While parroting capitalism to the international community and the public, the PPP privately clung to its socialist/communist dogma. The PPP did its best to control private sector investment, as evidenced from the poor numbers on international investment and the bureaucratic foot-dragging of GO-Invest.
Instead of being an open channel for investment, GO-Invest became a bottleneck and a means of controlling/limiting foreign/private sector investment in Guyana.
Under socialism, private entrepreneurship and ownership is inimical to the wider society. And so Guyana continued for about a decade or so with poor investment from both local and foreign players, with the consequential return of comparatively poor economic growth in the late nineties to about the middle of the last decade.
As a socialist economist, Jagdeo recognized that there was nothing to be done about the private sector he literally grew up with, so he sought to control it and bend it to accomplish his grand ideas. The privatization process, which removed production from state control, opposed to Jagdeo’s socialist economics, turned out to be a blessing in disguise for him, since with the creation of NICIL, the money from the sale of all of the state public companies and other assets fell under his control. Of course, whatever he did via that entity was all ‘for the good of the country’ (Jagdeonomics).
The Low Carbon Development Strategy was a fine idea indeed. In fact it was a masterpiece in economics aimed at getting foreign finance while strangling private sector initiative in the background. The gentleman was nevertheless rightly credited with at least one honorary doctorate for his efforts.
Jagdeo had transformed himself into a true autocrat, with complete authority of Guyana’s economic and judicial framework. While there was a law and economics for the general population, there was also Jagdeo’s law and Jagdeo’s economics which superseded everything else. This was characterized by the pardoned atrocities of some of his notorious acolytes, who remain above the law, and on the other hand, powerful men like those who require no identification, who own and control large businesses across various sectors of the economy.
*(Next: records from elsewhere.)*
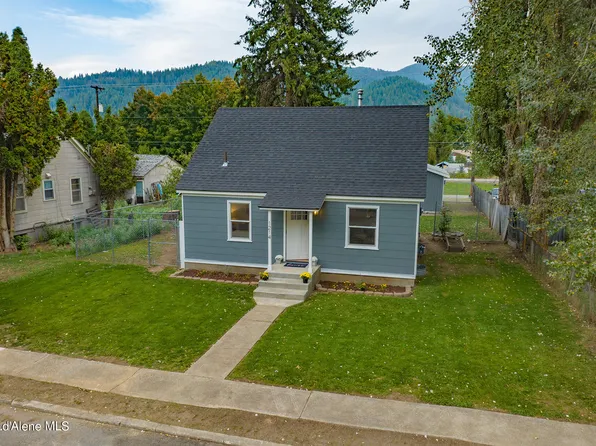 1214 E Larch Ave, Osburn, ID 83849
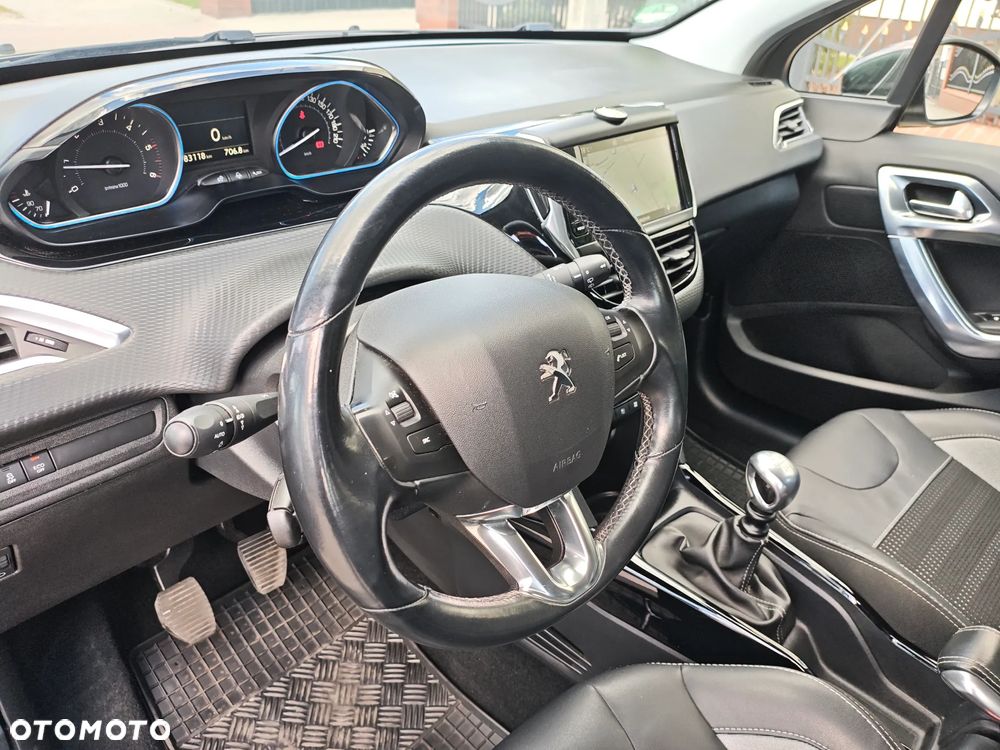 Peugeot 2008 BlueHDi FAP 120 STOP & START Allure - 22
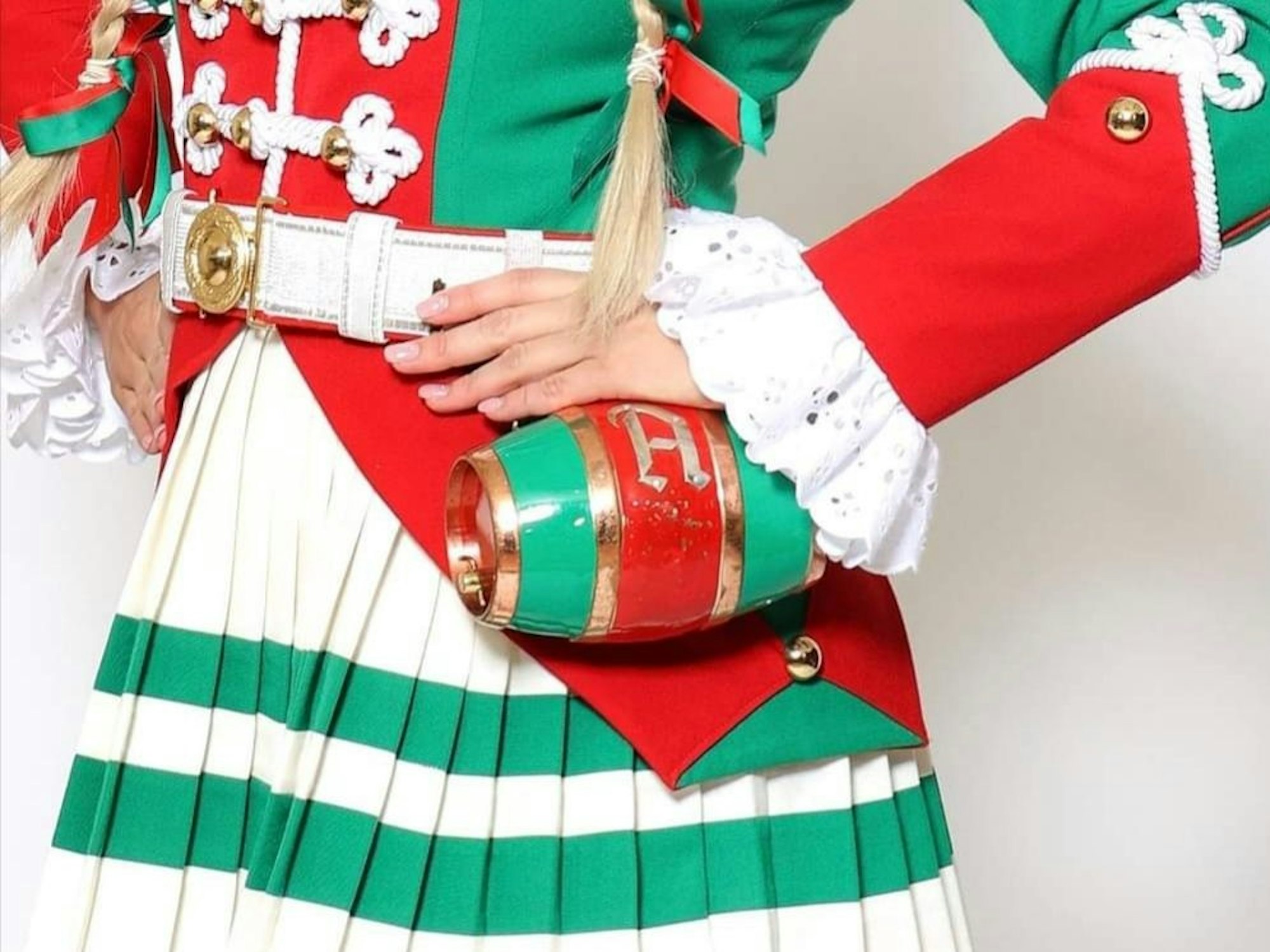 Eine Tanzmarie steht vor einer Wand.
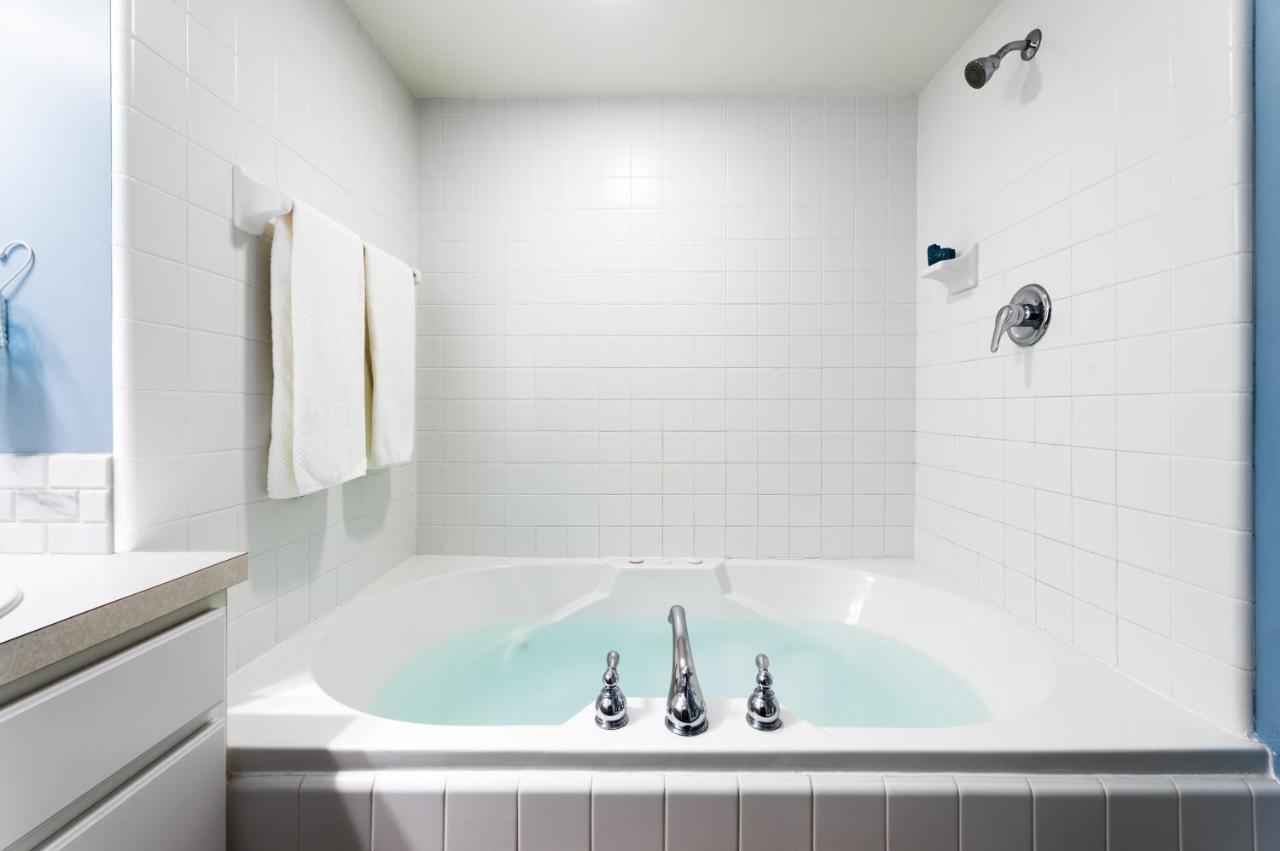 Looking Glass Beachfront Inn グランド・ヘイブン エクステリア 写真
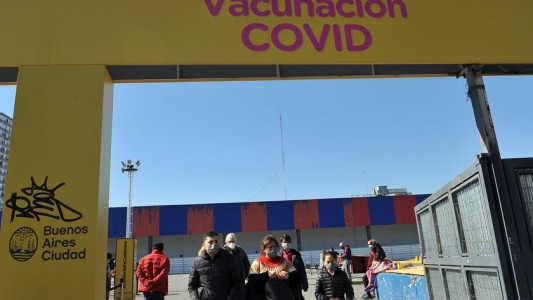 El 80% de los porteños acepta la combinación de vacunas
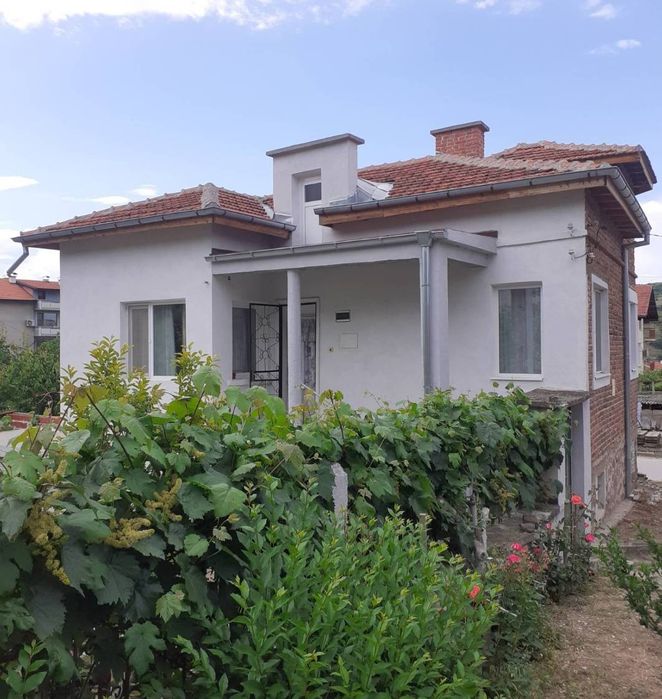 Едноетажна къща в село Бяга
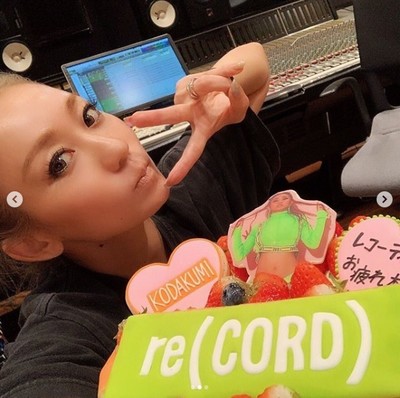 倖田來未、豪華ケーキを前にした“レコーディング終了SHOT”に反響「年々可愛さ増してる」（E-TALENTBANK）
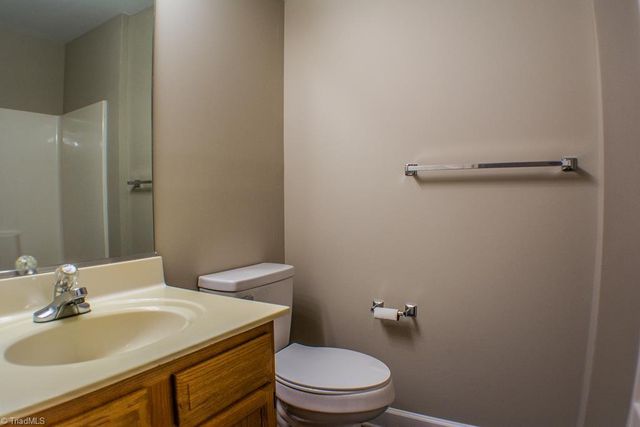 334 Quietwood Drive, Winston-salem, NC 27103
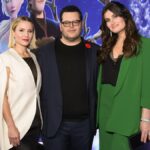 Elsa (dublada por Idina Menzel) em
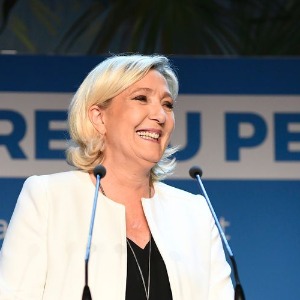 France : Marine Le Pen annonce sa candidature à la présidentielle de 2022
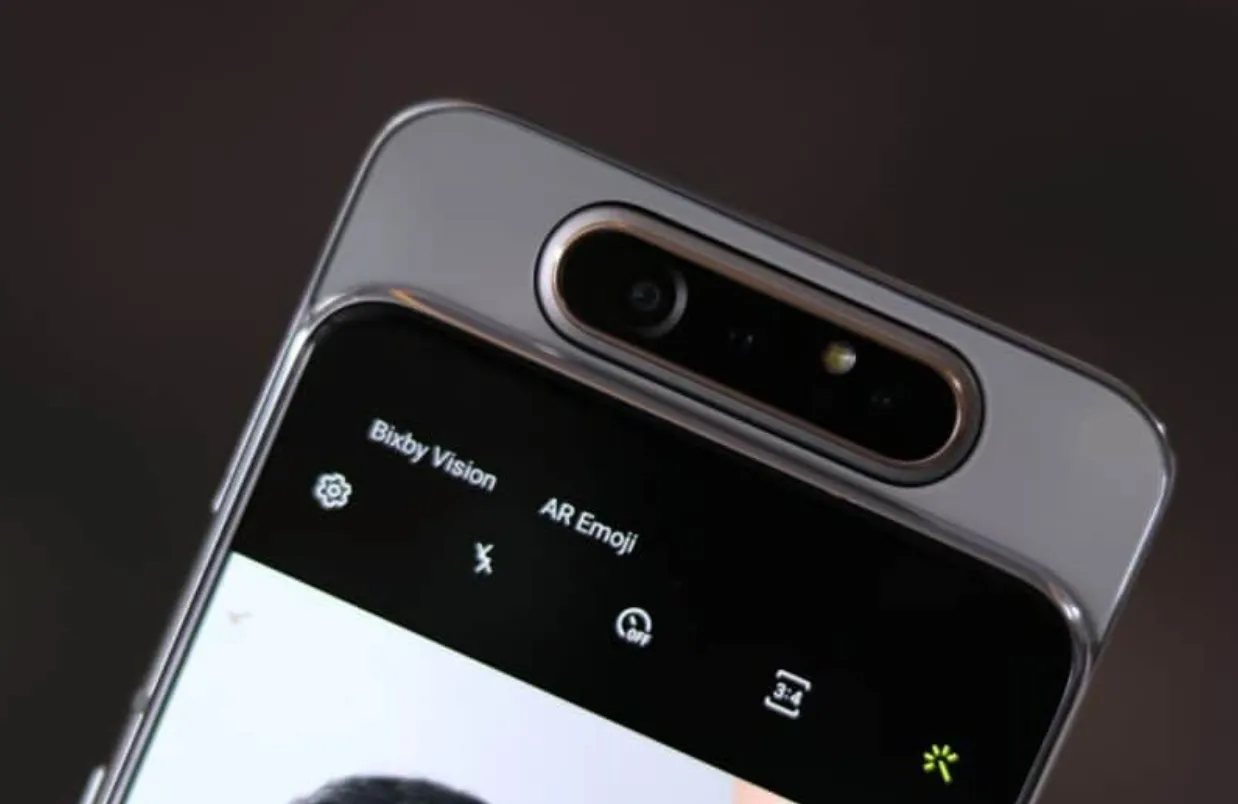 Samsung Galaxy A90 – новый флагман корейцев с огромным экраном. Что о нем известно?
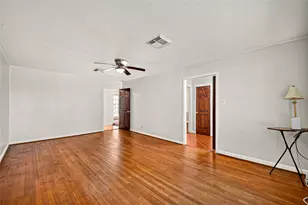 802 W Sterling St, Baytown, TX 77520 - Photo 11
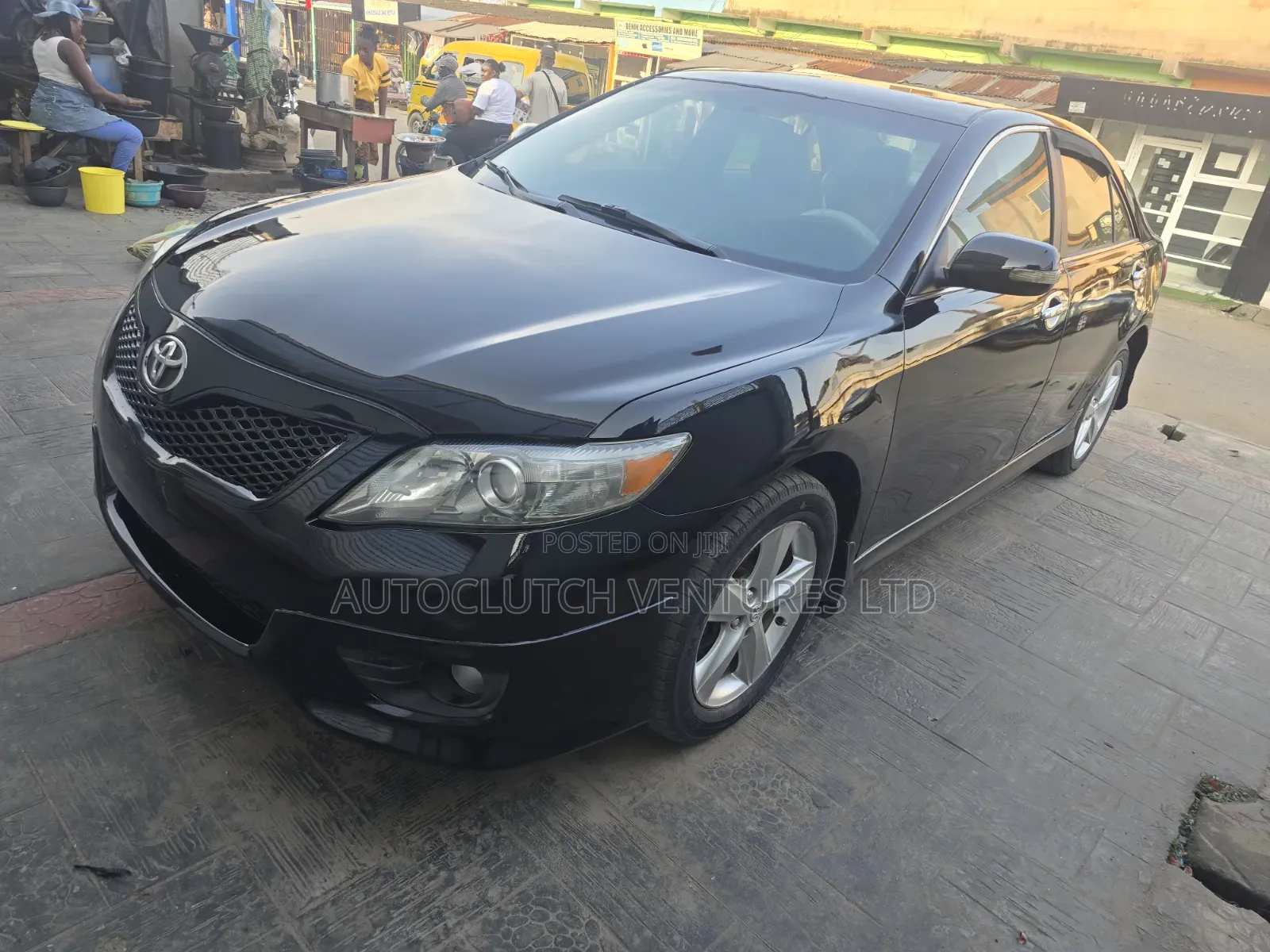 Toyota Camry SE 4dr Sedan (2.5L 4cyl 6AM) 2010 Black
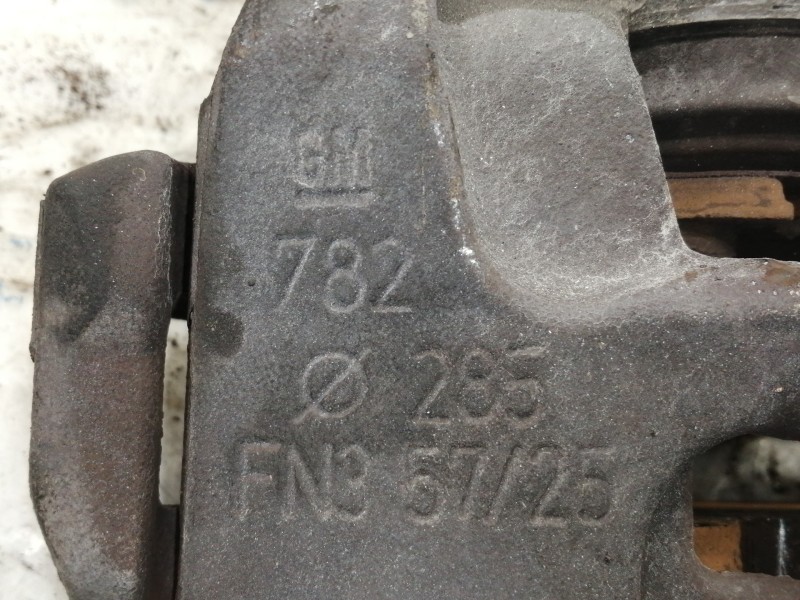 Recambio de pinza freno delantera derecha para opel vectra c caravan elegance referencia OEM IAM 782285 FN35725 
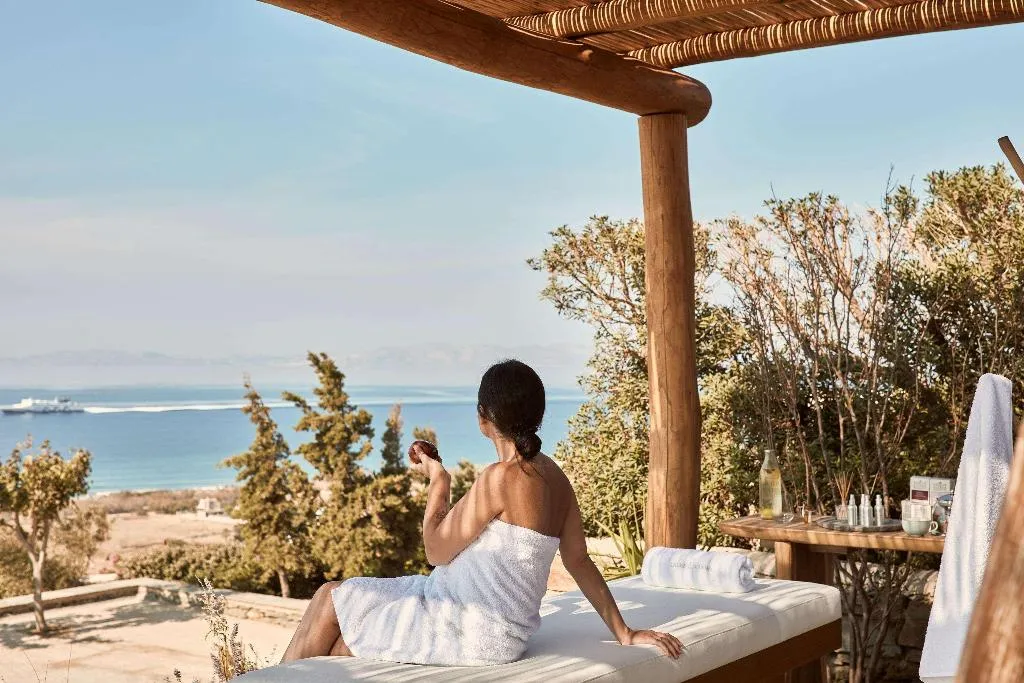 Sports and Entertainment, Diles & Rinies, Mykonos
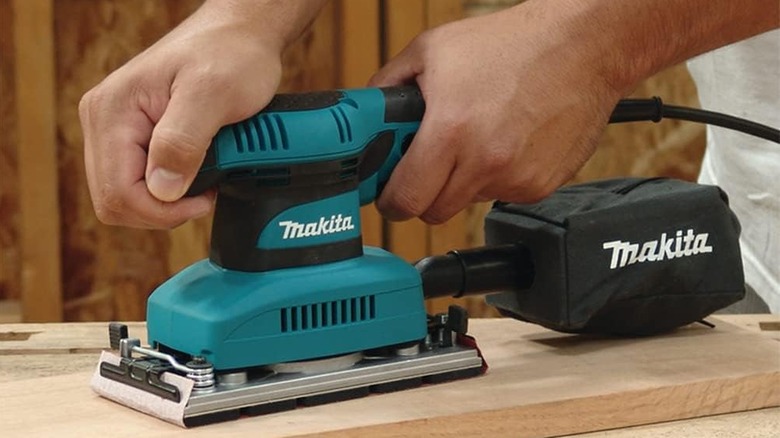 Makita 1/3 Sheet Finishing Sander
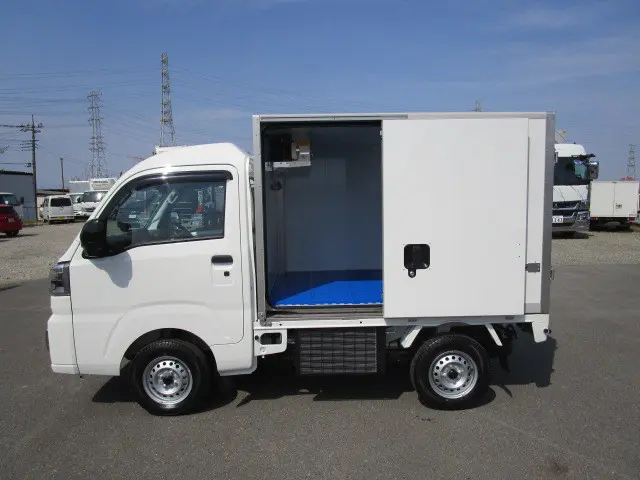 ダイハツ ハイゼットバン 3BD-S500P(2WD)の写真9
This is the true exercise of Jagdeo’s authority over Guyana. He has established powerful economic players with strong financial relationships and his (and our) more embarrassing public officials are above the law.
It is in this context we need to acknowledge the magnitude, dimension and partiality of Jagdeo’s authority and power across Guyana’s judiciary and economy, and recognize that his machinations and ideas are not conducive to real prosperity for ALL Guyanese, but in fact channel wealth into the hands of his select few.